Il faut signaler enfin l’utilisation particulière des temps dans le poème : le futur simple marque la
détermination du poète, mais rappelle aussi qu’il s’agit d’un voyage en pensées, qui n’aura
effectivement lieu que le lendemain. D’où l’importance de l’adverbe « demain », premier mot du
poème.

Un voyage spirituel

Le voyage de Victor Hugo est donc principalement un voyage intérieur et spirituel. Il s’agit d’un
pèlerinage à part entière. La temporalité est, nous l’avons vu, celle d’une journée. Mais une lecture
métaphorique de cette temporalité permet d’évoquer la représentation imagée d’une vie humaine.
Ainsi, pour une journée, Hugo revit en pensée le temps de la naissance à la mort de Léopoldine. La
nature symbolise l’existence. Le trajet parcouru devient un chemin de vie.

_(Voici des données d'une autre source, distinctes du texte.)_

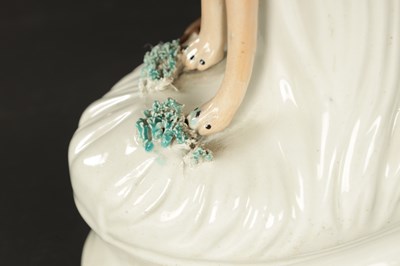 Lot 99 - A GOOD PAIR OF 19TH CENTURY STAFFORDSHIRE GREY HOUNDS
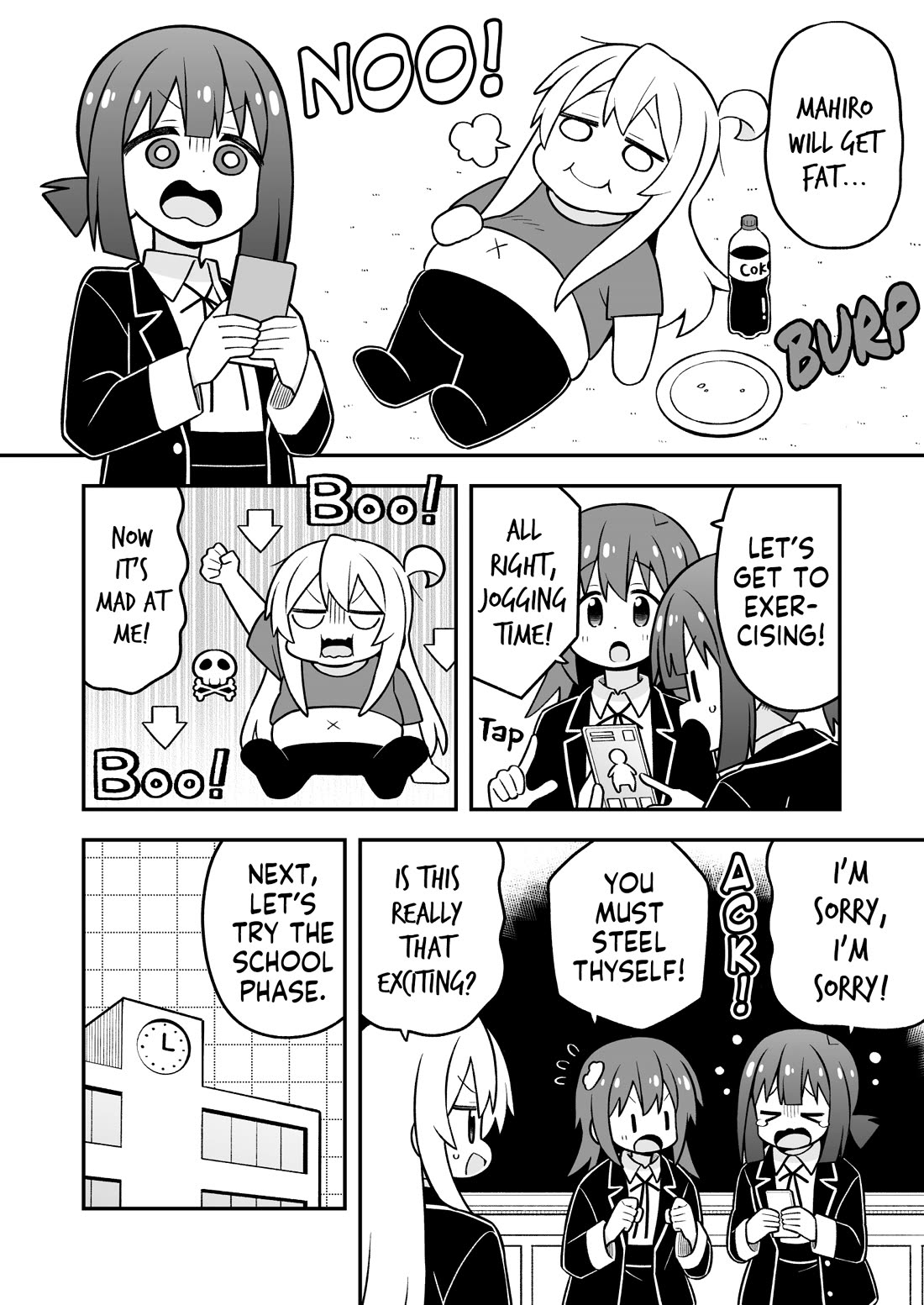 Onii-chan is done for Chapter 115 page 8 - Chapter 115: Mahiro and the Joys of Creation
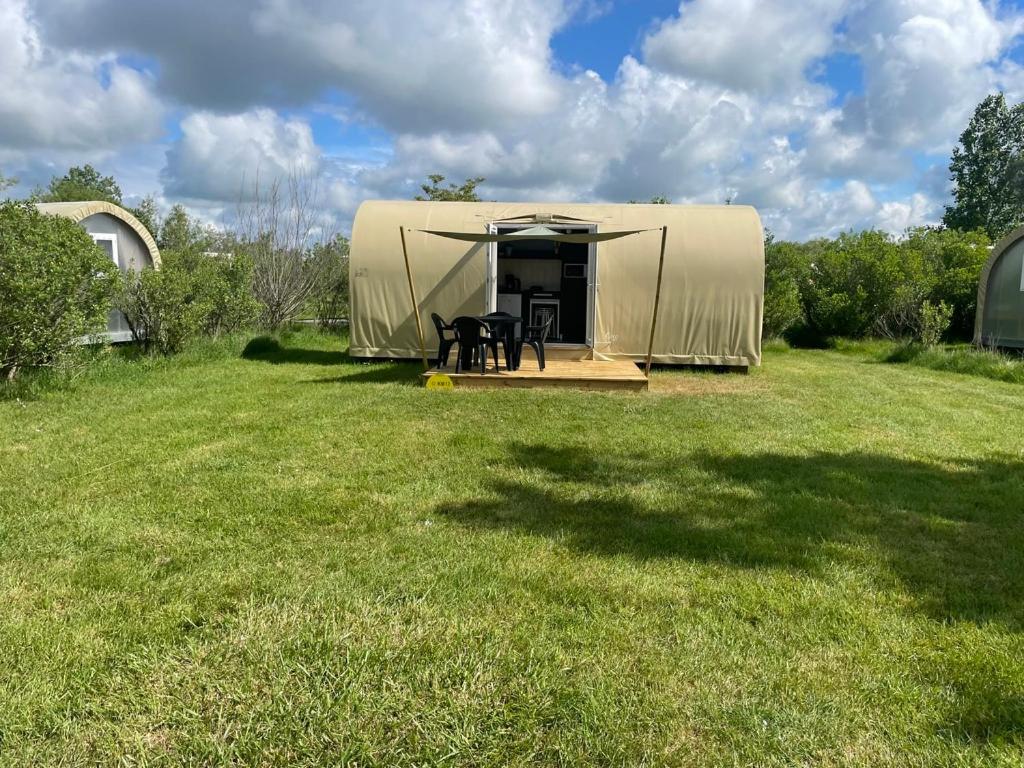 Camping Les Chagnelles - Bungalow 2 Chambres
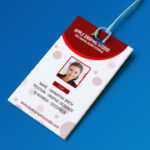 Create Professional Id Card Template – Photoshop Tutorial Throughout Media Id Card Templates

Sur ce chemin, le poète fait l’expérience de l’attente et du désir, qui dominent la première strophe. Il
plonge aussi dans la souffrance et la solitude : c’est ce que nous montre la strophe 2. La dimension
spirituelle de cette étape du pèlerinage est très forte. La privation est marquée par les deux
hémistiches parallèles du vers 6 : « sans rien voir au-dehors, sans entendre aucun bruit ». On pourrait
presque voir dans ce passage une nuit noire de l’âme, comme celle que décrivent les mystiques. Alors
qu’à la strophe 1, le poète est sensible aux paysages qu’il traverse, il se détourne du monde dans
l’expérience intérieure de la strophe 2.

C’est ce qui le rend, en quelque sorte, digne de retrouver Léopoldine. La dernière strophe peut alors
être comprise comme un contraste entre les séductions du monde, avec les « ors du soir qui tombe »
et la simplicité des retrouvailles spirituelles. On notera le parallélisme « ni » / « ni » qui marque le
rejet. Le poète, quant à lui, aspire à un bonheur plus simple, qui s’exprime dans la modestie des fleurs
de bruyère. La nature éternelle résonne comme une promesse mystique.

Conclusion

« Demain dès l’aube » est un poème lyrique et pathétique, fortement marqué par la sensibilité
romantique. Victor Hugo y évoque son deuil et la douleur face à la perte de Léopoldine. Le poème
relate le pèlerinage que l’écrivain avait l’habitude de faire sur la tombe de sa fille. Ce pèlerinage
apparaît peu à peu comme un véritable voyage spirituel, une représentation symbolique du chemin
de vie. Si ce poème continue d’émouvoir les lecteurs année après année, c’est en grande partie grâce
à la simplicité apparente de l’écriture et à l’expression de sentiments profondément humains. La
dimension autobiographique est dépassée et le poème atteint à l’universalité.